The Revolutionary War encompassed at least two struggles: one for freedom from British rule, and another, quieter but no less significant fight for the liberty of African Americans, thousands of whom fought in the Continental Army. Because these veterans left few letters or diaries, their story has remained largely untold, and the significance of their service largely unappreciated. Standing in Their Own Light restores these African American patriots to their rightful place in the historical struggle for independence and the end of racial oppression.
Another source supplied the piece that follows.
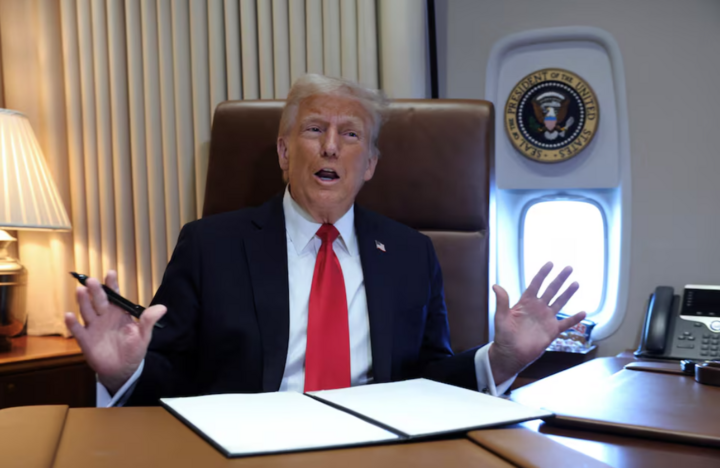 &Ocirc;ng Trump sẽ c&ocirc;ng bố thuế th&eacute;p v&agrave; nh&ocirc;m 25% nhập khẩu v&agrave;o Mỹ - Ảnh 1.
Revolutionary era African Americans began their lives in a world that hardly questioned slavery; they finished their days in a world that increasingly contested the existence of the institution. Judith L. Van Buskirk traces this shift to the wartime experiences of African Americans. Mining firsthand sources that include black veterans’ pension files, Van Buskirk examines how the struggle for independence moved from the battlefield to the courthouse—and how personal conflicts contributed to the larger struggle against slavery and legal inequality. Black veterans claimed an American identity based on their willing sacrifice on behalf of American independence. And abolitionists, citing the contributions of black soldiers, adopted the tactics and rhetoric of revolution, personal autonomy, and freedom. Van Buskirk deftly places her findings in the changing context of the time. She notes the varied conditions of slavery before the war, the different degrees of racial integration across the Continental Army, and the war’s divergent effects on both northern and southern states. Her efforts retrieve black patriots’ experiences from historical obscurity and reveal their importance in the fight for equal rights—even though it would take another war to end slavery in the United States.